Basically a general silent brown cricket caresheet would be nice.:notworthy:


----------



## marty.twigs

any time i bought crickets they always died really fast
then i found out to feed them on fish food and vegetables
i want mine to breed so i put soil in mine so they can lay their eggs in it
they wont breed without a substrate to lay their eggs in


----------



## joeyboy

i was thinking about feeding them with a mixture of cabbage,fruit,lettuce mainly for water then also feeding them on cat food although i'm not whether dry cat biscuits or cat food in jelly( i heard they eat cat food in some form)

does cabbage and the like have pesticides that kill insects? I doubt it since pesticides would be bad for humans eventually but I'm not certain..


----------



## Pro Mantis

You can give them fish flakes but if you do give them a beer cap of water as it dries them out. they also enjoy carrot or potato peelings. keep them dry and not cold and you'll do fiiiiine.


----------



## joeyboy

do they eat cat food or not or shall i just go salad? What about cereals like muesli and corn flakes, locusts supposedly ate cereals but they didn't touch them when i tried.


----------



## the-tick

go for more hardy veg ie greens, potato, swede, carrot etc and get water crystals to give them water works fine with mine


----------



## _simon_

I've kept crickets successfully for ages, it's really simple. Give them an airy tub with plenty of places to hide (I use cork bark) and give them fruit and veg, you need to change it out regularly to keep it fresh. There's no need for any kind of water as they get that from the fruit and veg. That's it. They can get a bit smelly over time so best to clean the tub out come restocking time.


----------



## joeyboy

ok thanks fruit and veg it is, though I've heard their omnivorous, do they eat cat biscuits, canned cat food, i could put a little cube of tinned cat food in for them to?

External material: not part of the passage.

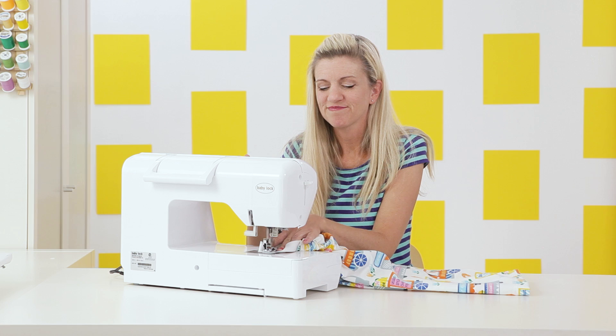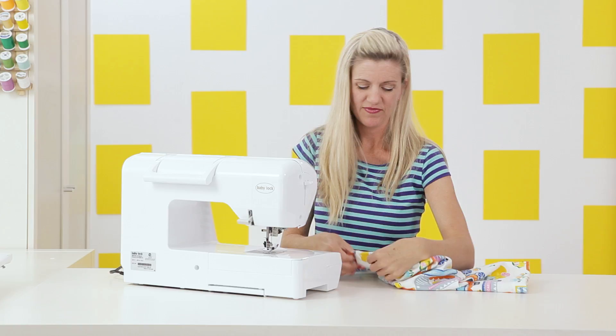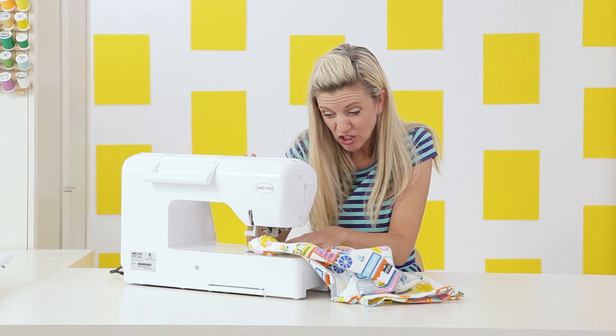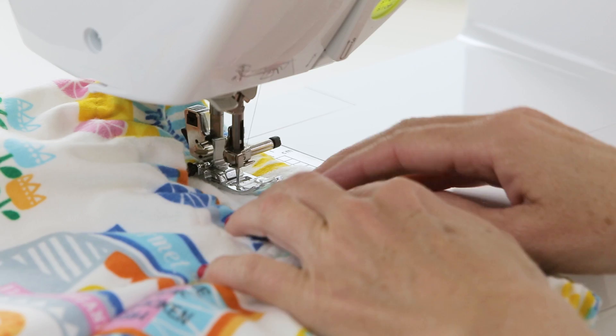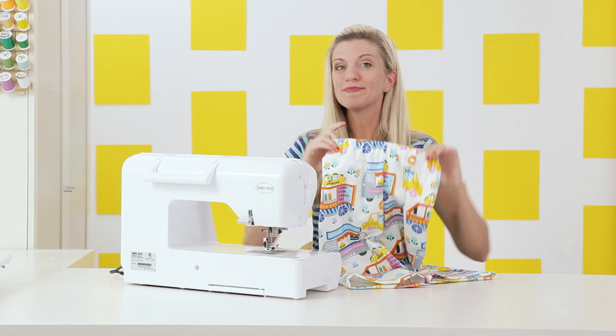The elastic is done — looking awesome! Now we just need to sew the casing closed. Come back to your machine, fold over that area, and sew right along the little opening. Start at the same spot that you stopped at before, try to match up the stitch line, do a forward and backstitch, make sure you're not sewing any of the elastic, and sew right down. You are done with your cute little pajama pants!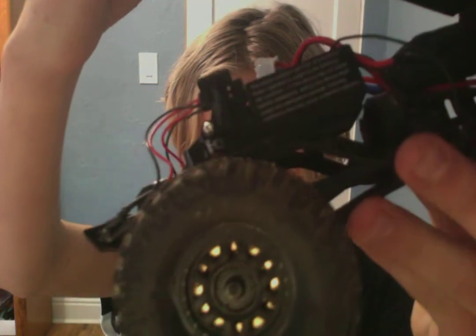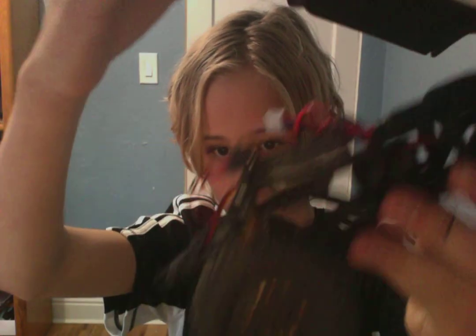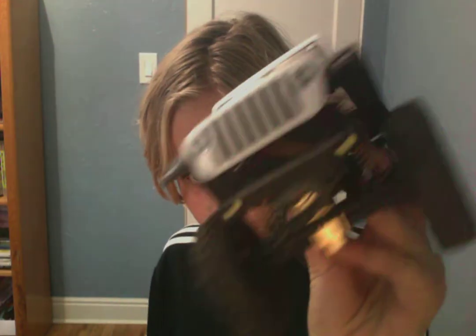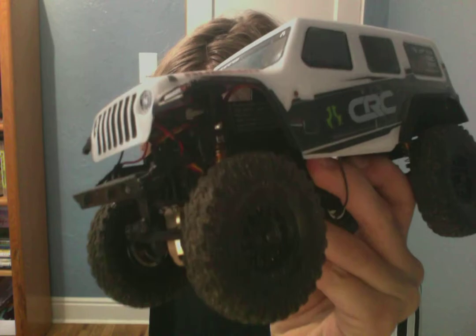Next we have the inside — I'm not going to take it off right now. My brother got some new shocks; you can upgrade and get new shocks like that, get new tires. I also have a brass weight right here, and you can also get some tire inserts.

I've got one pack( so i guess around 25-30 crickets) in a 20cm long, 12cm wide and 15cm tall plastic tank. Here's a pic, so do i just drop in some fruit n veg, maybe meaty cat food( someone tell me about that please, i have cats so have tons of open tins lol), do i need a very shallow bowl of water or will cabbage and thr like provide the water? I don't really want to go and buy those gel water things, my mantid only eats one every two days or half will probably die anyway, so no extra costs please.:lol2:

Also what about substrate? Can i put a layer of bran or oats in like a do meal worms? Or shall i just leave it? 

Also their adult so i guess they could lay eggs, what do they lay them into and how long does it take till they hatch?










P.S: THEY WERE CALLED "Silent" Brown Crickets, silent my ass!


----------



## _simon_

They only lay eggs in moist areas, so unless you have a pot of moist sand or the like you won't get eggs. Which is a good thing as they'd easily get out of that housing. Don't be surprised if the adults squeeze out of those gaps at the top as well.

Don't bother with substrate, crickets produce a lot of faecal matter over time and you'll want to regularly empty that out.

Don't give them water, they'll just drown, they will get all the water they need from the fruit and veg that you give them. You don't need to feed them anything else.


----------



## joeyboy

ok tyvm!:flrt:


----------



## _simon_

I'd really suggest putting a pair of tights/fine mesh or the like over the tank, you'd be amazed what sized gaps they can squeeze through and there's nothing worse than crickets on the loose lol


----------



## joeyboy

hmmm darn i have no mesh... i'll think of something.. although then how could they breath? Also i've been watching them for a hours and although many have tried to climb up the sides it seems they can't get a grip on the plastic, none have been able to climb up at all.. Also they are adults, looking at them and the slits i really think they can't get through, lol..... im scared.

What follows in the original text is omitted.